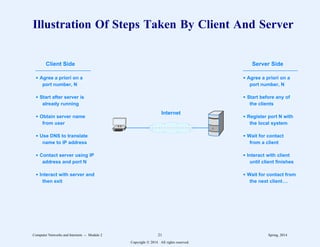 Illustration Of Steps Taken By Client And Server
Internet
Client Side
d Agree a priori on a
port number, N
d Start after server is
already running
d Obtain server name
from user
d Use DNS to translate
name to IP address
d Contact server using IP
address and port N
d Interact with server and
then exit
Server Side
d Agree a priori on a
port number, N
d Start before any of
the clients
d Register port N with
the local system
d Wait for contact
from a client
d Interact with client
until client finishes
d Wait for contact from
the next client...
Computer Networks and Internets -- Module 2 21 Spring, 2014
Copyright  2014. All rights reserved.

—————

WHAT TO PRODUCE | Output the lines above exactly, but only those between the line holding "address and port N" and the line holding "the next client...", inclusive.

TASK ANSWER |
address and port N
d Interact with server and
then exit
Server Side
d Agree a priori on a
port number, N
d Start before any of
the clients
d Register port N with
the local system
d Wait for contact
from a client
d Interact with client
until client finishes
d Wait for contact from
the next client...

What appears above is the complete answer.